▸ Task to carry out
Repeat all entries word for word; skip images.

====== Record extracts

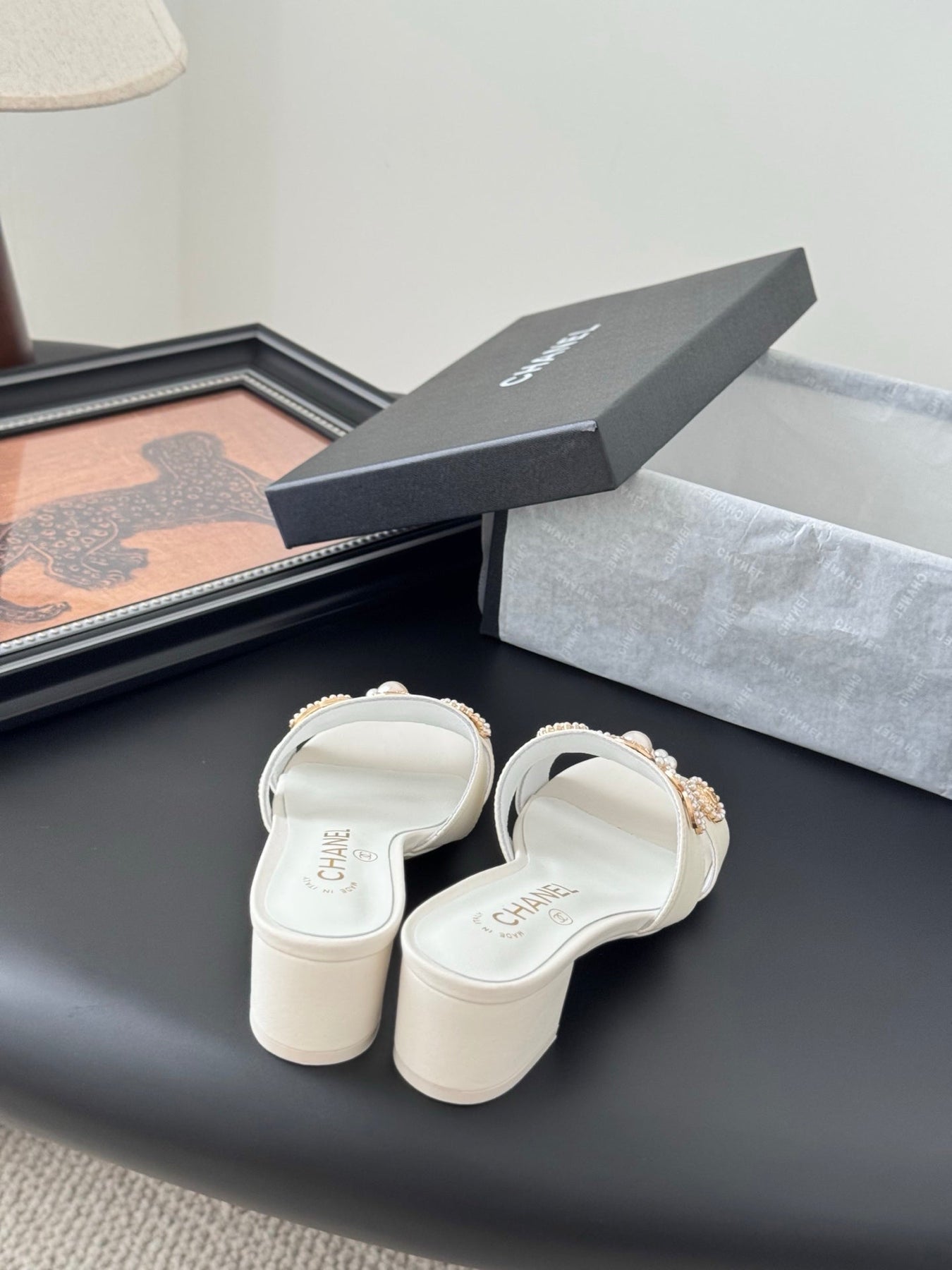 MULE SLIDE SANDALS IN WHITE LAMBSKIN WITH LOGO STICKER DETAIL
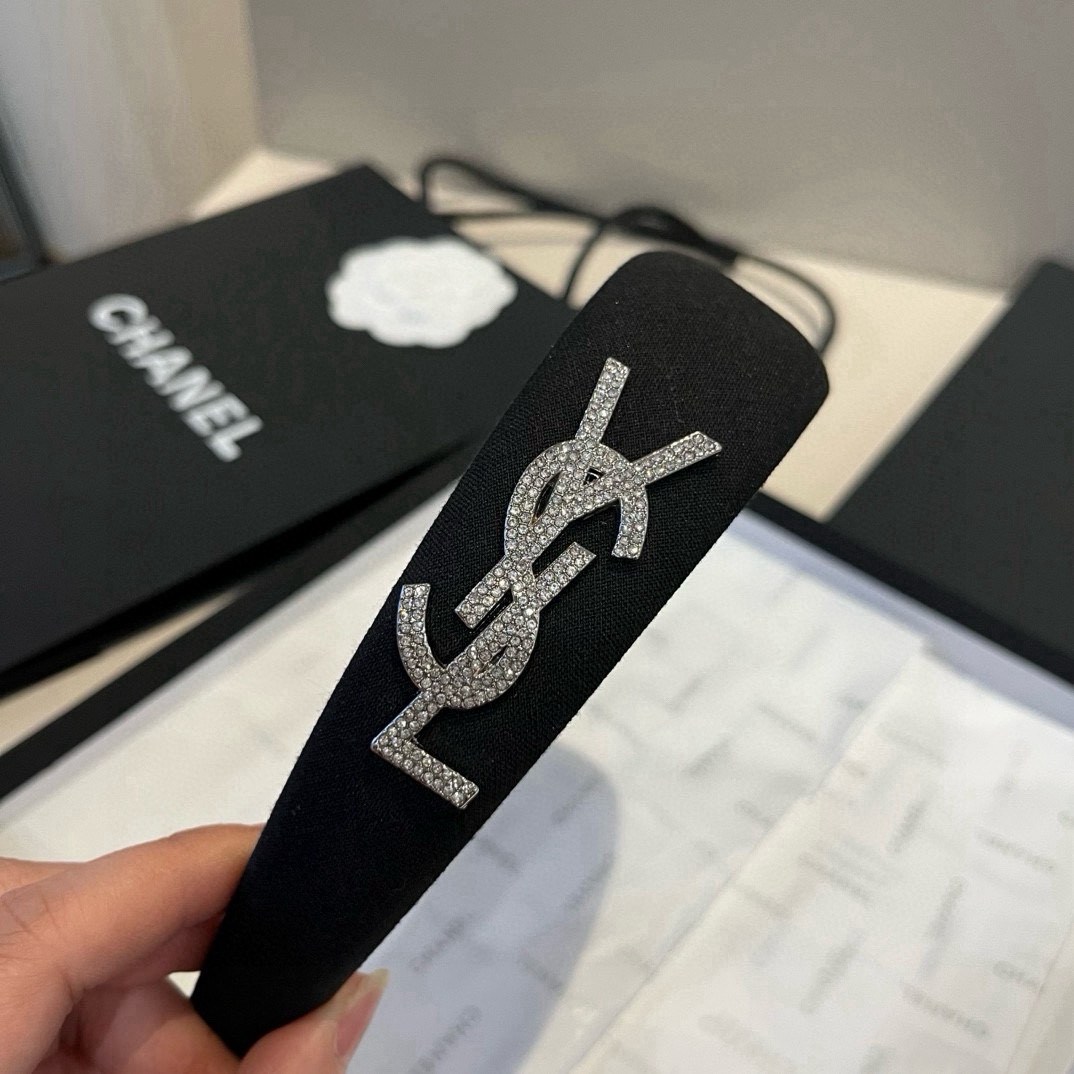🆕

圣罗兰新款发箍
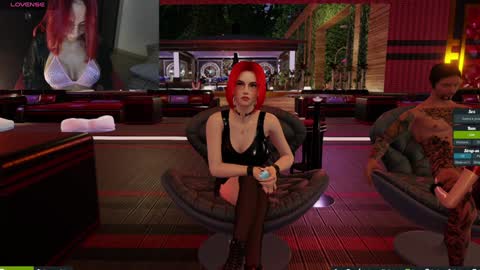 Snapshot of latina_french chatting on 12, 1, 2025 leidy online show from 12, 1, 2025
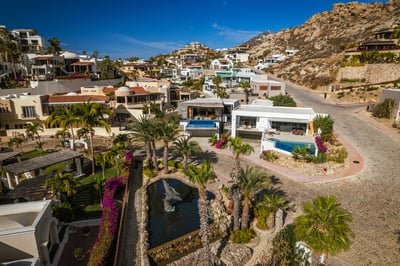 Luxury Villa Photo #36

============

▸ Exercise response
 MULE SLIDE SANDALS IN WHITE LAMBSKIN WITH LOGO STICKER DETAIL
🆕

圣罗兰新款发箍
 Snapshot of latina_french chatting on 12, 1, 2025 leidy online show from 12, 1, 2025
 Luxury Villa Photo #36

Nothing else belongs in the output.